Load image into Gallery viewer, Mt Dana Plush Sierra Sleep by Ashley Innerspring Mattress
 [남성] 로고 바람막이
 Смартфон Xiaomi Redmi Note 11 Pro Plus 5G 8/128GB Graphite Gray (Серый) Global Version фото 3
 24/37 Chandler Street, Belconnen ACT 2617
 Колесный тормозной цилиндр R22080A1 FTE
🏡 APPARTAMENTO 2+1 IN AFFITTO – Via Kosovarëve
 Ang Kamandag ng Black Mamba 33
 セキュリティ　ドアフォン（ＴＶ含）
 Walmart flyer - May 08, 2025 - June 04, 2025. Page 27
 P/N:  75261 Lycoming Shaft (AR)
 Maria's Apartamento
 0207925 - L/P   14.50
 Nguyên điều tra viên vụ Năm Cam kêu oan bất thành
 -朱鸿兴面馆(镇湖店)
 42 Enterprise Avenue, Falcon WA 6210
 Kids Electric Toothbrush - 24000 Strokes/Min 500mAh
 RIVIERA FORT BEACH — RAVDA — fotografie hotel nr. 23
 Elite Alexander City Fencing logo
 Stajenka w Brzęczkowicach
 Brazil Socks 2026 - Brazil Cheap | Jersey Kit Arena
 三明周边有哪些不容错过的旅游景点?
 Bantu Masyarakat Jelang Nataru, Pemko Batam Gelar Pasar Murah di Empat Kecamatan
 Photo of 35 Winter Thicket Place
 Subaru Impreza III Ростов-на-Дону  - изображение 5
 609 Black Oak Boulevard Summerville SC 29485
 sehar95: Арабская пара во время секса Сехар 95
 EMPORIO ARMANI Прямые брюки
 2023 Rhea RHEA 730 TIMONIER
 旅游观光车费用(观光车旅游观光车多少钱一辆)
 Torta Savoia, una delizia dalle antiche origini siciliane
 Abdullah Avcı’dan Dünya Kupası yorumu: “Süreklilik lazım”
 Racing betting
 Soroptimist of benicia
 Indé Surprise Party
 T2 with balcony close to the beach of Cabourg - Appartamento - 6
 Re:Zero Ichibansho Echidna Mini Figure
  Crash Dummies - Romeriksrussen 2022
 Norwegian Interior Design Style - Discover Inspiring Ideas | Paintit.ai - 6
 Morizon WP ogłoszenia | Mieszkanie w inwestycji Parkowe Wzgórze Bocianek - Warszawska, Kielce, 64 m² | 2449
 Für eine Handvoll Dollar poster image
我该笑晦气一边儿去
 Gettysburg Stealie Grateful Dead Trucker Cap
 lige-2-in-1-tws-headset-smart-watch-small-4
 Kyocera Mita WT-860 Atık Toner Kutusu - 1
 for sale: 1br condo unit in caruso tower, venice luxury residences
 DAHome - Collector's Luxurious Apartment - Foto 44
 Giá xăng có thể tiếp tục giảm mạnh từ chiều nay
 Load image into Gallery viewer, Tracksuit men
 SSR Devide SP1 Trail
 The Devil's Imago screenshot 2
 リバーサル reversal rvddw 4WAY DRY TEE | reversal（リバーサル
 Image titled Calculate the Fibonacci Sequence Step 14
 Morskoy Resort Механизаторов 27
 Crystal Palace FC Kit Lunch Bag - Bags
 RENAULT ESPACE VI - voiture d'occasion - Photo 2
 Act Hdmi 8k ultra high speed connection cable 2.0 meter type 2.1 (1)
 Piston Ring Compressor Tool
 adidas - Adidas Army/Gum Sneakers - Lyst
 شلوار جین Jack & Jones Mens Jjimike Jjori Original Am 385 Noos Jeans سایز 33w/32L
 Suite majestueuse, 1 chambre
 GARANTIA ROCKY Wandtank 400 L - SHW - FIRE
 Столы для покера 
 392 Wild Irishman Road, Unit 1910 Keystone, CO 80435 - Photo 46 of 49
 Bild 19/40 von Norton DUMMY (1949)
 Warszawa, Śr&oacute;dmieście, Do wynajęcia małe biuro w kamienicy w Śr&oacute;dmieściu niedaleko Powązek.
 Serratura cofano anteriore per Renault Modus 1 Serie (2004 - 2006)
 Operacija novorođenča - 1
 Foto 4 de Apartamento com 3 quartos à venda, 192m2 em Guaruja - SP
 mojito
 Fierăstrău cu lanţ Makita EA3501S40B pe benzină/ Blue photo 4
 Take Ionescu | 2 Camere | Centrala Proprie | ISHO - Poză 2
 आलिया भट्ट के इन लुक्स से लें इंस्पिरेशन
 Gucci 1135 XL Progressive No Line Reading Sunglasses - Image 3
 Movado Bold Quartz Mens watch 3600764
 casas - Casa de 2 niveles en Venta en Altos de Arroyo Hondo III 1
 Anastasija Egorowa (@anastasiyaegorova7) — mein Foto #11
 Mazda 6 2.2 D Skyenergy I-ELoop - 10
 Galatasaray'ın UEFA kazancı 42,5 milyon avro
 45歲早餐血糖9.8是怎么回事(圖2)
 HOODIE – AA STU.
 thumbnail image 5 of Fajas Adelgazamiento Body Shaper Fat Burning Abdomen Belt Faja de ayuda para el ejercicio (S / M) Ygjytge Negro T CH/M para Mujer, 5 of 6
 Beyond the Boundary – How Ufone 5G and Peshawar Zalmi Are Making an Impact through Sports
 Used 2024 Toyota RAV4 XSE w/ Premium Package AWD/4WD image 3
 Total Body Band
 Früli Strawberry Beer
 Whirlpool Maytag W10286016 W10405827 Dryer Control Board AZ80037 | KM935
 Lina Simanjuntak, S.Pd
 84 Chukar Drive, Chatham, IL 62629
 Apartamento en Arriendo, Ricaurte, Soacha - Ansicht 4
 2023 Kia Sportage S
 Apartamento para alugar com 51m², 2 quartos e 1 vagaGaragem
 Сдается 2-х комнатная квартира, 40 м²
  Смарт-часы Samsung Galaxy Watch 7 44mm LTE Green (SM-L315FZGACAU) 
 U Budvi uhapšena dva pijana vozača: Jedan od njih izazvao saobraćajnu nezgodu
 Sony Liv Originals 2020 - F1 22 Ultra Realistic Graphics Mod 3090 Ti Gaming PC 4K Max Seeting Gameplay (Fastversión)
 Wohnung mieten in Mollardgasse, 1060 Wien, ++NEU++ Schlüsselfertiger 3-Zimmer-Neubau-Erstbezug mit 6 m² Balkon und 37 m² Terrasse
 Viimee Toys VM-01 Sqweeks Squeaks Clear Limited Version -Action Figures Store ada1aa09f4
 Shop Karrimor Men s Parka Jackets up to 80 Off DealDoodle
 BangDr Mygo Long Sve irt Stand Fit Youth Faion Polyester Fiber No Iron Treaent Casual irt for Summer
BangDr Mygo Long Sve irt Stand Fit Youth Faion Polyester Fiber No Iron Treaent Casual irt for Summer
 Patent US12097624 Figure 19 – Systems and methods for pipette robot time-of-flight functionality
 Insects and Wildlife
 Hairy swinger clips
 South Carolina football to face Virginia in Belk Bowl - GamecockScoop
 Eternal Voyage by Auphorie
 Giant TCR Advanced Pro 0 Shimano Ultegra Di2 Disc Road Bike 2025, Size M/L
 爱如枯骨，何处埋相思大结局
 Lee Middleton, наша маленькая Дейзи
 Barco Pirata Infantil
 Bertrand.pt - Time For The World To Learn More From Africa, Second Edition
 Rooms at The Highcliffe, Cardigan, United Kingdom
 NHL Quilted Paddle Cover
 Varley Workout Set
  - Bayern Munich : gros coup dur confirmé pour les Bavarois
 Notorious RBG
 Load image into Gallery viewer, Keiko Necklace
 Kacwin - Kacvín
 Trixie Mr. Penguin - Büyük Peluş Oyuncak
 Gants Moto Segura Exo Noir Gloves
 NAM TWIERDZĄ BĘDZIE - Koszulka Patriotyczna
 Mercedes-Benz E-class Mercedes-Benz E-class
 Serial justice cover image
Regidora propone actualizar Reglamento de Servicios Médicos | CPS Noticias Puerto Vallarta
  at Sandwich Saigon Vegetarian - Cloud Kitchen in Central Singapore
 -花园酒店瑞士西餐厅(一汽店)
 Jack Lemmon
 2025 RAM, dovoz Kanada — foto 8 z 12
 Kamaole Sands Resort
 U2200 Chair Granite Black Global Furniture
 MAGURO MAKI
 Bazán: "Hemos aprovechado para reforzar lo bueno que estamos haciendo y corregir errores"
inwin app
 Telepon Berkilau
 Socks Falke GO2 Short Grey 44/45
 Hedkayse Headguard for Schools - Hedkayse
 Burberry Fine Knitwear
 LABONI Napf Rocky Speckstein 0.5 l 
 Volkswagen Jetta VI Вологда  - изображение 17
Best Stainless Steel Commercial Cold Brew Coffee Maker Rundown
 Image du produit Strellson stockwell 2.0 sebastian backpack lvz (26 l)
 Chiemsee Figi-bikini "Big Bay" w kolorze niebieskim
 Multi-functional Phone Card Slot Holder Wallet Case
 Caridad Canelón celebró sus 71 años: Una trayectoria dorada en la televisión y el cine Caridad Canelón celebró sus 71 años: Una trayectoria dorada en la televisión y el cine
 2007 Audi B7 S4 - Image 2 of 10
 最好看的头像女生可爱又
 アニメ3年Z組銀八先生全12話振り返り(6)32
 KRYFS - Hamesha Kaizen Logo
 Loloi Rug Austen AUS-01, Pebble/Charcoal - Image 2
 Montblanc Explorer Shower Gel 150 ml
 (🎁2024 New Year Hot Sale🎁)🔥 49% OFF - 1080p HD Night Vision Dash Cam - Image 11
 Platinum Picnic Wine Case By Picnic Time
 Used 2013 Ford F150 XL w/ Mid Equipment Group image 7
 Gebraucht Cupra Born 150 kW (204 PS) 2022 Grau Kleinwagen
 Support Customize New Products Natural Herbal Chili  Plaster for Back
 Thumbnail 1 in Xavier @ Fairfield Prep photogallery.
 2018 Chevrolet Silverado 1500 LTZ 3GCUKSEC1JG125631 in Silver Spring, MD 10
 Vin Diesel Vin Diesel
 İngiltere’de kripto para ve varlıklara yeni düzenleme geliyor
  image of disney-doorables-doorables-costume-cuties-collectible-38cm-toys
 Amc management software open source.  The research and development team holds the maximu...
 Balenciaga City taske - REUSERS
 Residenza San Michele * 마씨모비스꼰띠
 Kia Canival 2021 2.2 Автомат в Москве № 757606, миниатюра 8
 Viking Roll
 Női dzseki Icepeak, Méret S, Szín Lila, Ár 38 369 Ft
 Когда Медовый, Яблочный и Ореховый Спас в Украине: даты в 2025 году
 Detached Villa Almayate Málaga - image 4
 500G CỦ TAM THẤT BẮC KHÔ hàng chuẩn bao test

★ ★ ★ ★ ★ ★ ★

Assigned task: With the first line of the material as the start and the line containing "Колесный тормозной цилиндр R22080A1 FTE" as the end, repeat that span exactly and add nothing.

Reply to the exercise:
Load image into Gallery viewer, Mt Dana Plush Sierra Sleep by Ashley Innerspring Mattress
 [남성] 로고 바람막이
 Смартфон Xiaomi Redmi Note 11 Pro Plus 5G 8/128GB Graphite Gray (Серый) Global Version фото 3
 24/37 Chandler Street, Belconnen ACT 2617
 Колесный тормозной цилиндр R22080A1 FTE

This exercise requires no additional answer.